Independent MLA Ezzard Miller said Tuesday that he is not convinced any aspects of the proposed East End seaport development project were real, except for the developer’s determination to quarry the site and sell the fill for profit.
The North Side representative’s comments were made at a meeting held at the Craddock Ebanks Civic Centre to discuss the planned seaport,
Mr. Miller told the audience of about 80 people that he had refrained from commenting until he met with the developer, listened and asked questions. Through that process he concluded the seaport was not a project he could support or allow to happen.
He said he had asked if the developer, Joseph Imparato, would be prepared to put up a bond for $350 million in case something happened halfway through the project and it was not completed.
“He made it manifestly clear he was not prepared to do that because he could assure me it would be successful,” Mr. Miller said.

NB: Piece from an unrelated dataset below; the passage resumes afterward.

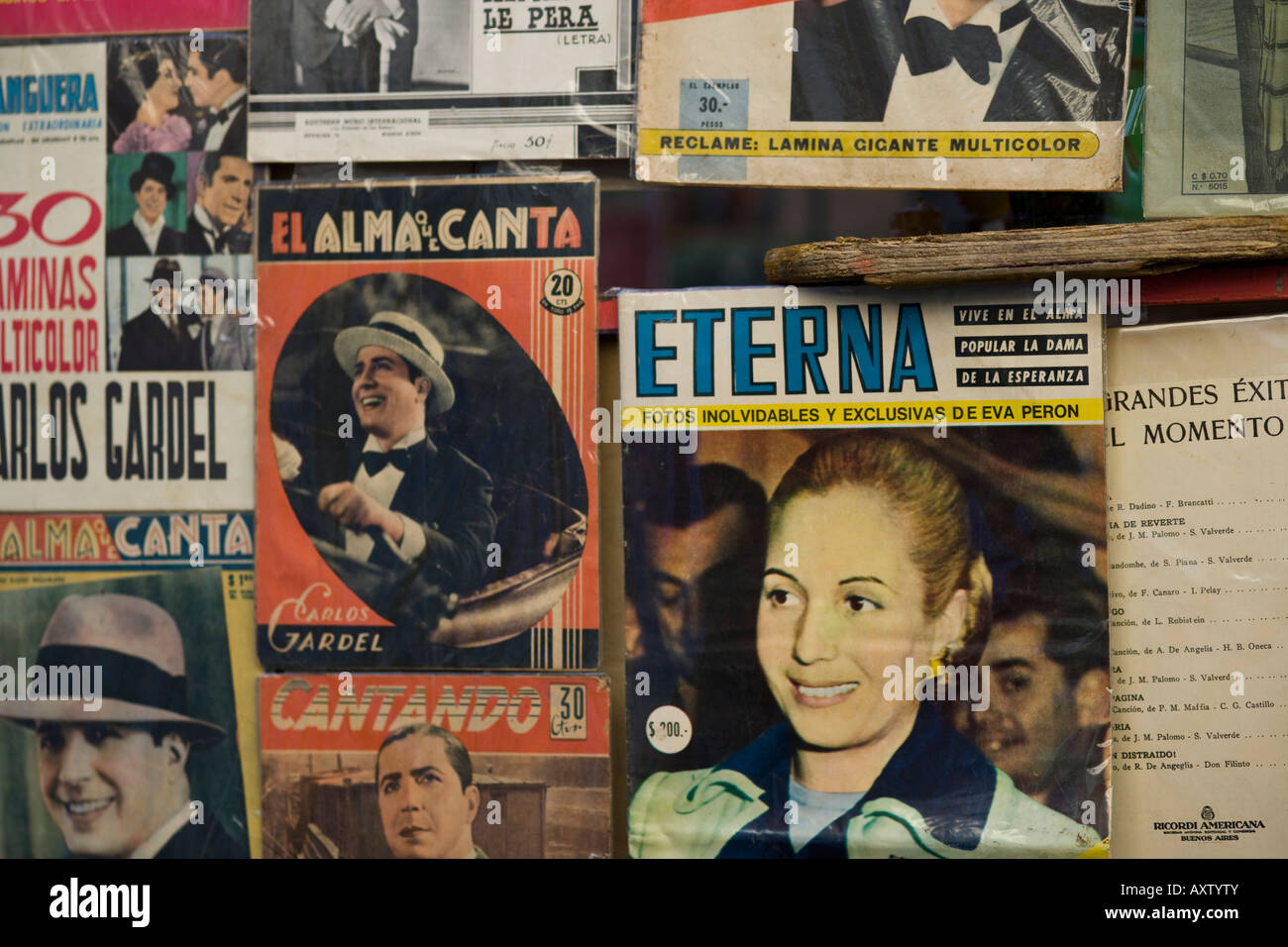 Vieux magazines avec Carlos Gardel et Evita Peron au salon des antiquaires Feria de San Pedro Telmo à la Plaza Dorrego Buenos Aires Banque D'Images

He encouraged people to go onto the project’s website and study it. After the developer digs the hole and sells the rock he then expects to invite investors, Mr. Miller said.
He referred to ads in the Caymanian Compass explaining the port proposal. What was missing, he said, were any statistics about the usage of present port facilities. The information he had was that the port is now being used at 30 per cent of its capacity and the average growth of use was one per cent per year, so the country had at least 40 to 50 years of usage of the George town port.
The North Side representative said he asked if Mr. Imparato had partners in the shipping business or any commitment from a cruise line.
Mr. Miller said he was told: “Once you build it they will come.”
The MLA said he was also concerned that the developer did not have a business plan to show how the port wold be successfully operated. He did not see any likelihood of the port being used as a cruise ship home port, partly because the cost of passengers’ airfare to get here would be almost as much as the cruise. He did not accept a cruise ship’s presence as a job opportunity for Caymanians, since cleaning the ship was a job for the ship’s crew. There were also issues with security, waste disposal and transporting supplies for the ship.
Use of the port as a transhipment centre was not realistic either, Mr. Miller said, because the area was too small.
Hydrocarbon storage as another feature of the project was just another name for storing gasoline and diesel, he said. Getting fuel to CUC would mean building a pipeline from East End to George Town with the inherent dangers of leakage.
The North Side MLA also referred to physical danger. He asserted that the threat of salt water intrusion into the middle of Grand Cayman is greater than the developer said. Once a storm surge comes over the ridge in East End, it’s coming to North Side, Mr. Miller predicted. That would affect the Botanic Park and the land where the blue iguanas are being released, he said.
Mr. Miller and East End MLA Arden McLean said they could not stop the proposed port project by themselves. But both indicated that if government has publicly committed itself to the project and they could not get the governor to stop it, they were prepared to go to London.
“We have to put up a human barrier to stop this project,” Mr. Miller said, adding that the day government brings the legislation for the port local representatives will need everyone on the steps of the Legislative Assembly Building:.
Mr. McLean spoke briefly about the environmental impact assessment process. He said people had a right to object to the project as much as they had a right to support it, once they knew the facts, but there were too many things not known. He said he was not in North Side to drum up any civil disobedience: “But if that is what it takes, that is what we will have to do.”
The biggest round of applause went to North Sider Ashton Smith, 89, who is a veteran of World War II.
“I stand firm that this thing shall not go through,” Mr. Smith said. He said people had to take care of the farmland in East End and North Side. He pointed to the height of the land in Savannah and how storm water washes over the Island from the south into North Sound.
“Don’t let those people with those dollars blind your eyes,” he said.
Bo Miller endorsed the comments about transhipment ports and said Cayman was now beholden to this type of project because past governments had not saved any money during the prosperous years.
Other members of the audience expressed concerns, with one man fearing that Caymanians were losing their country and this was just the beginning. Copies of a petition to the Governor, Premier and Cabinet asking that the project not be supported are being circulated throughout Grand Cayman, the MLAs said. Mr. Miller explained the petition forms will be labelled so that residents who are not registered voters can sign as well as registered voters.